Short text fragments from websites ->
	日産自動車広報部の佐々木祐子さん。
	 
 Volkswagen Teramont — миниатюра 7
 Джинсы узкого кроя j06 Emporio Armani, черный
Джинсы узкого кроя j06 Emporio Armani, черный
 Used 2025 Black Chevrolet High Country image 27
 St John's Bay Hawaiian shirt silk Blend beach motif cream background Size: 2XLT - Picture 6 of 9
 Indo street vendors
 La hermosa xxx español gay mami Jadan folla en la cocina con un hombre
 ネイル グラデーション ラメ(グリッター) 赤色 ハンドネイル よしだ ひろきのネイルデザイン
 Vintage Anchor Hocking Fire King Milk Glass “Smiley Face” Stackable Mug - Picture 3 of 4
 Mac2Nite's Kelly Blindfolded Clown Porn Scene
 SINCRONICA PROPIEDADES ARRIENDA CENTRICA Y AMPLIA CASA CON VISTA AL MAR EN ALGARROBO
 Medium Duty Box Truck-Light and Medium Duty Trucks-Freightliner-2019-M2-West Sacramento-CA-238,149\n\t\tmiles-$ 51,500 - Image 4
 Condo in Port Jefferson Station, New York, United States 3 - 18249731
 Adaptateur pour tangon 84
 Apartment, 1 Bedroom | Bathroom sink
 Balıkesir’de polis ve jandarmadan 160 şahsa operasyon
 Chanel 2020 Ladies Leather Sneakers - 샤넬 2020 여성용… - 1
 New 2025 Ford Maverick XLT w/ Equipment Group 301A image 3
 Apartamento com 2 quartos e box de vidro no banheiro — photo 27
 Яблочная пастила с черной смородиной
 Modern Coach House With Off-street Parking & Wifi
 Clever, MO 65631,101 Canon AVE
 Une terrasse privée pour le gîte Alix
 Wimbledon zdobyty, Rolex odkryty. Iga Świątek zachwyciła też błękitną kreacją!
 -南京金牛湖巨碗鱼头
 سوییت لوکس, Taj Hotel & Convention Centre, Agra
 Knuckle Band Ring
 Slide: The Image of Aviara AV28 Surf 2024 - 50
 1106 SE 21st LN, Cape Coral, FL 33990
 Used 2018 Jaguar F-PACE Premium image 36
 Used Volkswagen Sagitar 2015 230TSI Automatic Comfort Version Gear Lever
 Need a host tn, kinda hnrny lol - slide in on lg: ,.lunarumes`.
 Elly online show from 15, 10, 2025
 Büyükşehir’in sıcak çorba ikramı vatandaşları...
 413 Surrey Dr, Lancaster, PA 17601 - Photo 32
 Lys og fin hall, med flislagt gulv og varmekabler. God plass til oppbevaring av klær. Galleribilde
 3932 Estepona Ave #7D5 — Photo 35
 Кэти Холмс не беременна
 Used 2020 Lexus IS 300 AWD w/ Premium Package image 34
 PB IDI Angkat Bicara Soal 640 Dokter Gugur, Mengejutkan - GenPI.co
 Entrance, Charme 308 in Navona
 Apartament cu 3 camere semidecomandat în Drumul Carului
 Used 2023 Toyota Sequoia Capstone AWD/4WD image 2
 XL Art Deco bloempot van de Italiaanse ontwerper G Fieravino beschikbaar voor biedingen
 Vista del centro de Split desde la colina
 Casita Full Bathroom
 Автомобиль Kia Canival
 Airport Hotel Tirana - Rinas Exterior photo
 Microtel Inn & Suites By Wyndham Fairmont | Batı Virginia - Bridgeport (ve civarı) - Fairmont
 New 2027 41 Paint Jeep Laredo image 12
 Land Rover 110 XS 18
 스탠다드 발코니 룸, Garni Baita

Instructions for the task -> Give back, word for word, the lines of the records that run from the one holding "New 2027 41 Paint Jeep Laredo image 12" to the very last.

Exercise answer ->
 New 2027 41 Paint Jeep Laredo image 12
 Land Rover 110 XS 18
 스탠다드 발코니 룸, Garni Baita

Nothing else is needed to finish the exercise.